Alfredo Guevara: Sim, exatamente, Alicia. Mas não me convencia que tudo tivesse que passar por Perón porque, supostamente, eram “as características da Argentina”. Não me convencia isso. Parecia-me que não eram as características da Argentina, mas as de qualquer lugar onde surgisse uma corrente confusa e que confunde. Mas eu mesmo não tinha clareza, não estava seguro se eu tinha razão ou não tinha. Eles argumentavam muito bem, mas não me convenciam. No caso de Raymundo Gleyzer, sobre quem tu me perguntaste, ele não coincide exatamente em essa época cronológica, mas sua obra fílmica começa a ser conhecida um pouquinho depois. Eu escutei falar do “Cinema de base”, mas realmente não cheguei a dominar esse tema, mas até mais tarde, quando se converteu em uma figura orgulho do Novo Cinema Latino-americano. Aclaro que nós não procurávamos mártires. Mas Raymundo se converteu em uma figura emblemática de todo o movimento de cinema da América Latina.
 
Néstor Kohan: Você pôde ver a filmografia de Raymundo?

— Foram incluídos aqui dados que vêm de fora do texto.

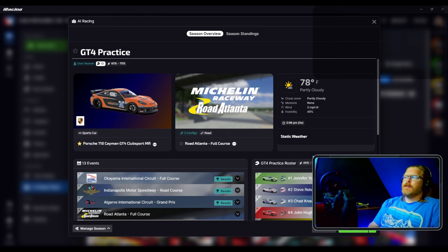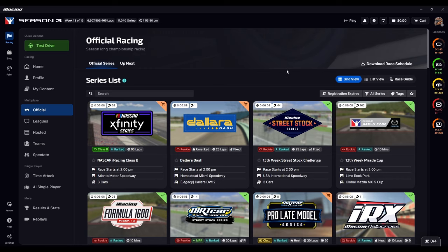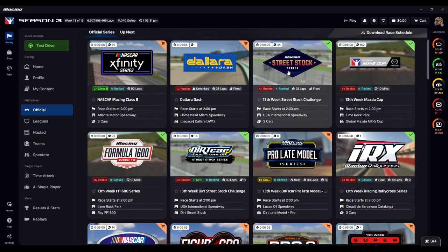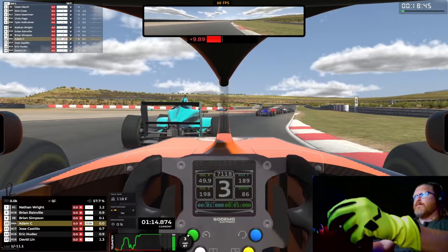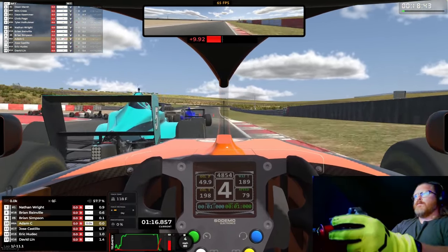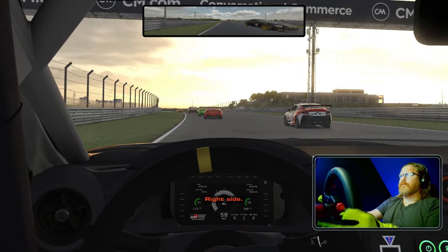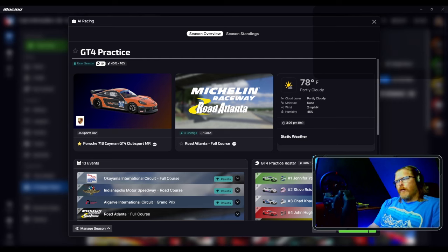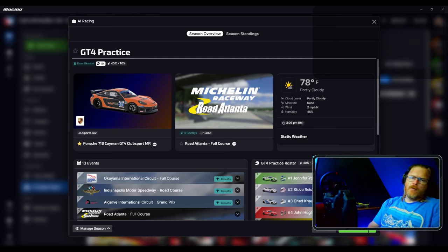The big thing I'm doing this season is first picking a series and picking a car to stick with. I've been bouncing around from series to series, car to car. I get bored, so I think I need to focus on one car, one series, and really try to do the best I can in that car and series, then maybe move on after that.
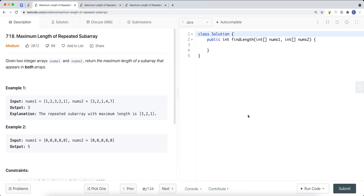In this video, we're going to take a look at a problem called maximum length of repeated subarray. Given two integer arrays, nums1 and nums2, return the maximal length of a subarray that appears in both arrays.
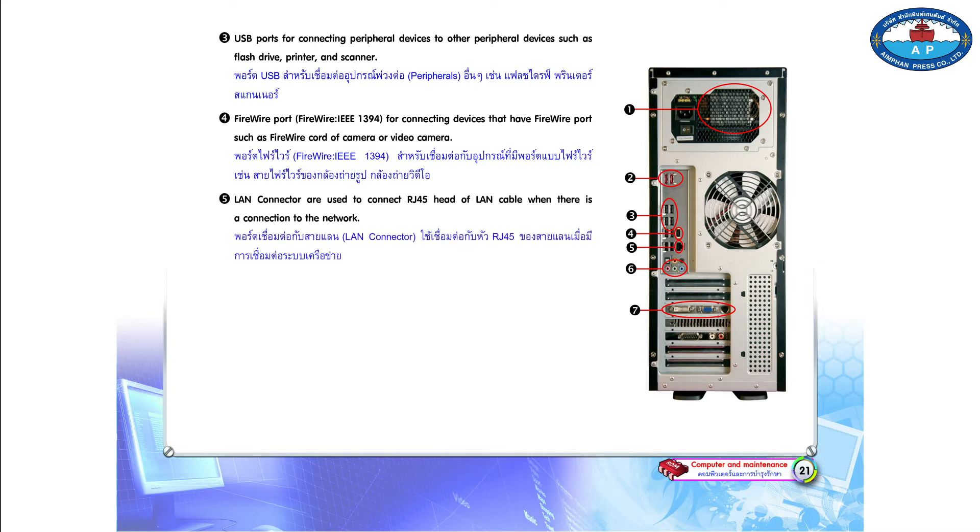Number 5. LAN connector is used to connect RJ45 head of LAN cable when there is a connection to the network.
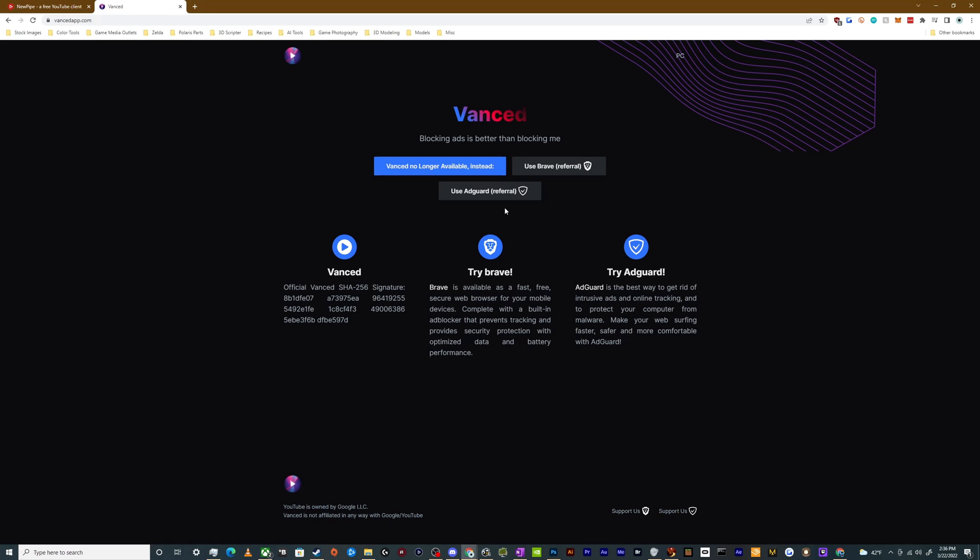This is gone because YouTube did a cease and desist. Not really sure which particular feature was finally the one that broke the camel's back, but it's gone now. If you already have it installed on your phone, it should work for two years,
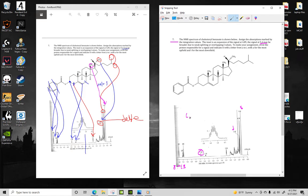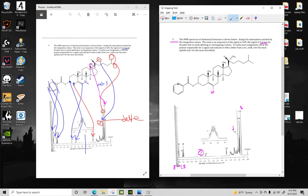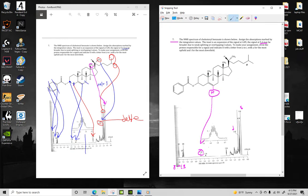At around 6.5 to around 4.5, you're going to have a vinylic hydrogen. That's going to be this hydrogen right here. That's the only vinylic hydrogen in the molecule other than the benzene ones. But these occur up here. So this hydrogen lines up with that peak.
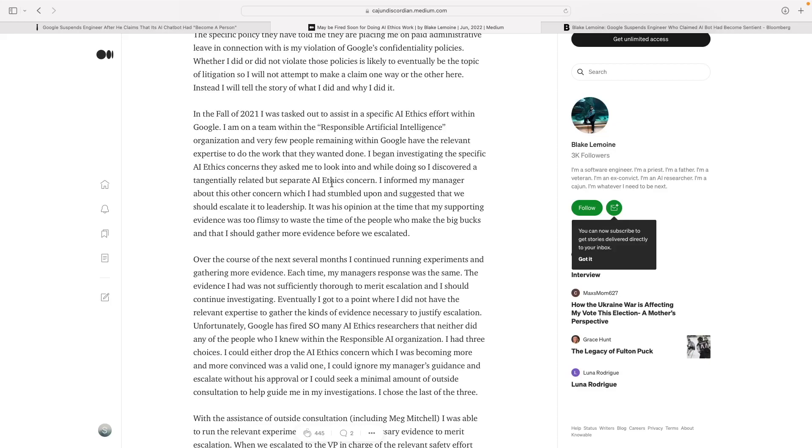He believed that it was sentient and should have rights and stuff. So he brought up this concern with some other people higher above him, and a lot of them didn't take it seriously - they laughed at him. So then he conducted this test where he spoke to it and got this kind of scary result of the conversation.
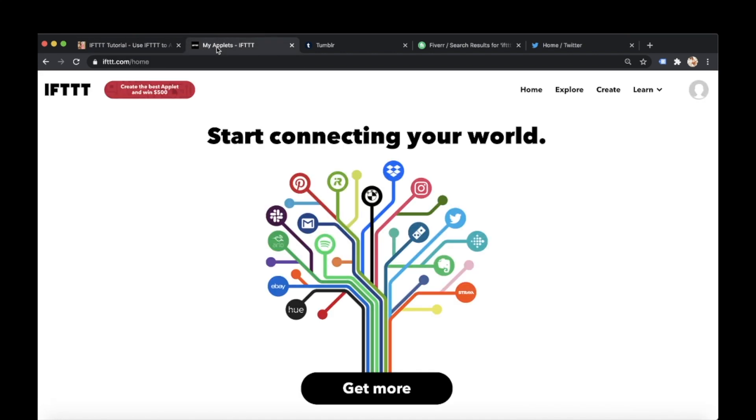So let's kick off with using this IFTTT. So I'm here I'm already logged in and signed up so I've gone to IFTTT.com. I've been signed up and I've logged in so here we go.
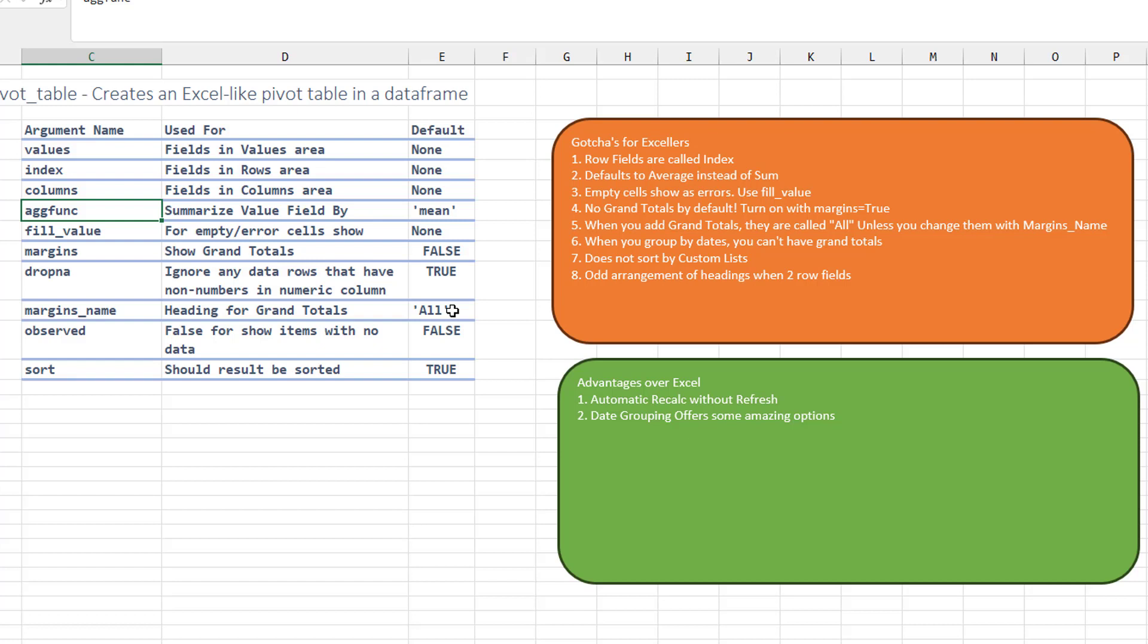And then where the day is going to come up, which is just an odd arrangement of headings when we have multiple row fields, which brings me to the question of, can I wrap this Python formula in the drop function? And I think I have to do it as two different fields.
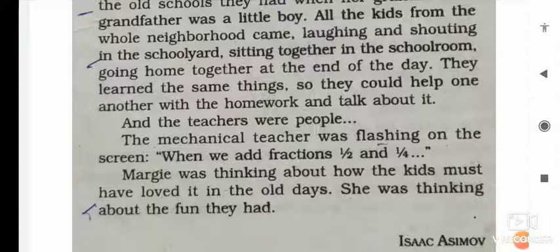Margie was thinking about how the kids must have loved it in the old days. She was thinking about the old schools they had when her grandfather's grandfather was a little boy — all the kids from the whole neighborhood coming together, laughing and shouting in the school yard, sitting together in the classroom, going home together at the end of the day, helping one another with homework. And the teachers were people.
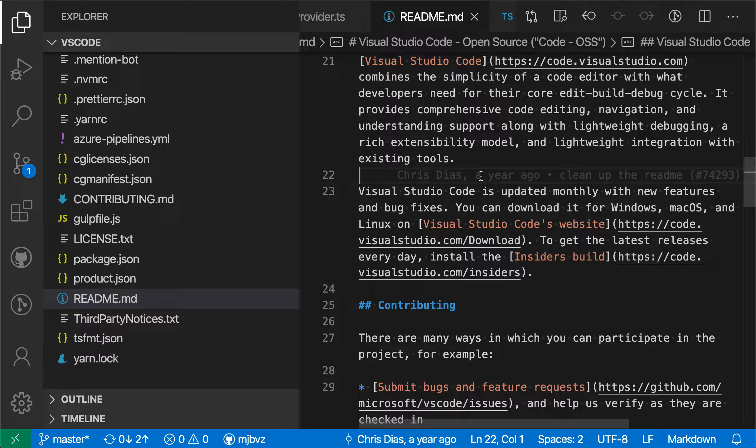Multi-root workspaces in VS Code let you open multiple folders in the same VS Code window. Say your project is split between client and server code, for example.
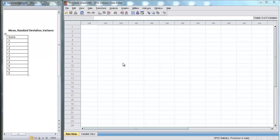In this lecture, I'm going to show you how to find mean, standard deviation, variance, and other descriptive statistics using the SPSS program.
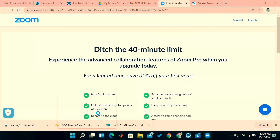Hello everyone, myself Harish, TA for this Power System course. In this session, our discussion is mainly on PowerWorld Simulator. I will discuss how to install this PowerWorld Simulator, then show the components available in it. After that, I will show some examples from which we can get understanding.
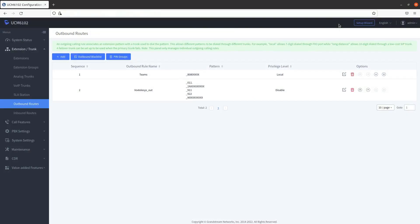Congratulations! You've successfully set up an outbound route in the Grandstream PBX. Check back for more videos on Grandstream as well as other helpful guides.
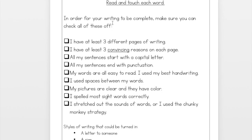So first of all, it says 'Writing Checklist' at the top, and then it says 'Persuasive Writing,' and then it says 'Read and touch each word.' The expectation is that you go back through all the work that you've done and you read and you touch each word. That's how you figure out whether you missed a word or missed a section of words even — you're reading to make sure that everything makes sense.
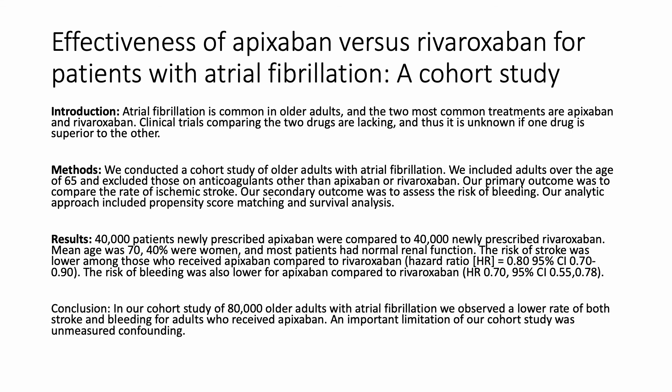Conclusion. In our cohort study of over 80,000 older adults with atrial fibrillation, we observed a lower rate of both stroke and bleeding for adults who received apixaban. An important limitation of our cohort study was unmeasured confounding.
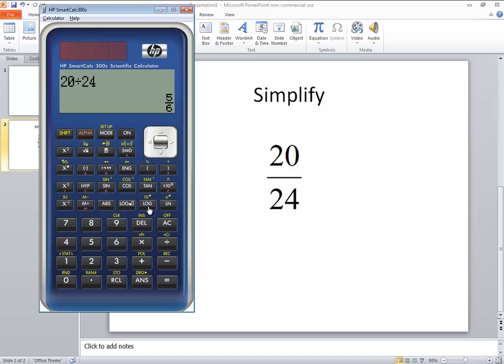Now if I want to put this into a fraction form to begin with, you see there's this button here. If I click this button, that's the fraction button.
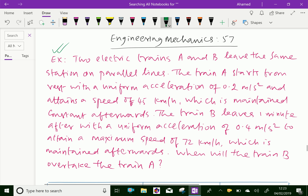Two electric trains A and B leave the same station on parallel lines. Train A starts from rest with a uniform acceleration of 0.2 meter per second squared and attains a speed of 45 kilometer per hour, which is maintained constant afterwards. Train B leaves one minute after with a uniform acceleration of 0.4 meter per second squared to attain a maximum speed of 72 kilometer per hour, which is maintained afterwards. When will train B overtake train A?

Alfredo Guevara: Sim, a vi. Também nós, em Cuba, fizemos retrospectivas de sua obra. Ou seja, Raymundo se converteu em uma figura emblemática. Nós não procurávamos mártires, mas os mártires surgiram. As ditaduras se encarregaram disso. Os militares se encarregaram de dar provas, se alguém tivesse dúvidas, que os cineastas são também combatentes.
 
Néstor Kohan: Como caracterizaria aquela fase inicial do Novo Cinema Latino-americano?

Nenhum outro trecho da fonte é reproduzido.